Between the years 2015 to 2019, I was part of a duo with one of my best friends, Alison Page—also a fellow photographer. Prior to 2015, I had already been working fairly steadily as a freelance food photographer, though I was still very much in the early stages of my career: bright-eyed, bushy-tailed, and way undercharging, haha! From 2012 to 2015, I operated as a solo photographer under the studio name 'Flattened to Fit Paper'. When Alison and I decided to combine our resources, we also combined our names to form the moniker 'Page + Paper' (for 'Alison Page' and 'Flattened to Fit Paper').
We eventually dissolved the partnership in 2019 to pursue very different paths. Alison took some time off to raise her first child (she is now a mother of two!) and to focus on building an ever-changing visual catalogue for her husband's family-owned craft brewery. I, on the other hand, took a year off from any major commercial work to hone in on my skills, try out other avenues of creative expression (this is during the time I worked as a florist at my dear friends' studio for a bit), and rediscover a style that is entirely my own—a style outside of the duo.
I then re-emerged in January of 2020 as a solo artist and photographer, and was just starting to market my photo-based services again when the pandemic happened. Restaurants closed, cookbooks were not in production as much, and budgets were slashed, so I was left without any prospective new clients during that time period. For someone who was not making much photo work during her year-long sabbatical from commercial work, only to now re-emerge at the height of the pandemic... it was a rough go. Still, 2020 ended up becoming my most prolific year since 2017. I spent many days indoors with my lighting equipment perpetually set up, and just made images for me. There were many failed experiments, many unsuccessful images... but I also walked away from that year with some of my most favourite images to date.

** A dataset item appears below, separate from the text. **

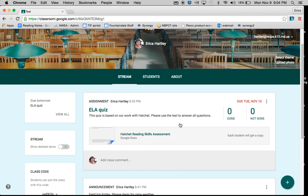In our next tutorial, we'll look at how you then, as the teacher, interact with the assignments that the students have completed.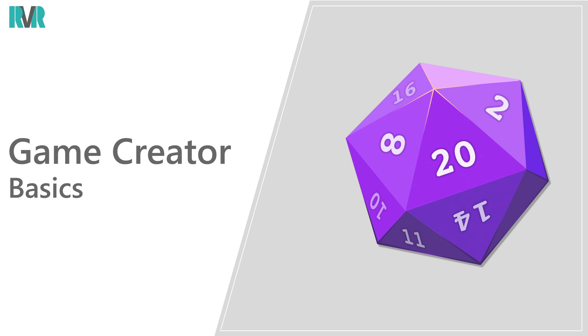Hello everyone, in the first video we set up Game Creator Core itself. In this video we'll be setting up and using the stats module.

Below is a selection of photographs Alison and I worked on during the Page + Paper years. These images are from a cookbook we have done, several magazines, interesting outtakes from commercial shoots, and our joint self-published magazine project. I look at these times fondly. We grew together, we learned together, and we made incredible images—images that were visually and stylistically ahead of what one typically saw in Vancouver-based editorials. Back then, our peers hardly ever worked with studio light, nor styled vignettes using handmade ceramics or objects that the layman, at times, would consider garbage (like tile samples or scrap pieces of cellophane). I strongly believe Alison and I were among the few Vancouver-based creatives who pioneered this kind of conceptual thinking in our city. Those kinds of images only made the rounds in high-art European publications or in cities like New York and Los Angeles. We devoured—and were highly influenced by—contemporary publications like Gourmand, Gather Journal, and Octopian. In a lot of ways, we were treading new ground here in Vancouver by studying the work of art-forward photographers and stylists, distilling what we have processed from the material we devoured, and then injecting the aspects we found oddly beautiful and dynamic into our own images, but with an Issha-and-Alison spin.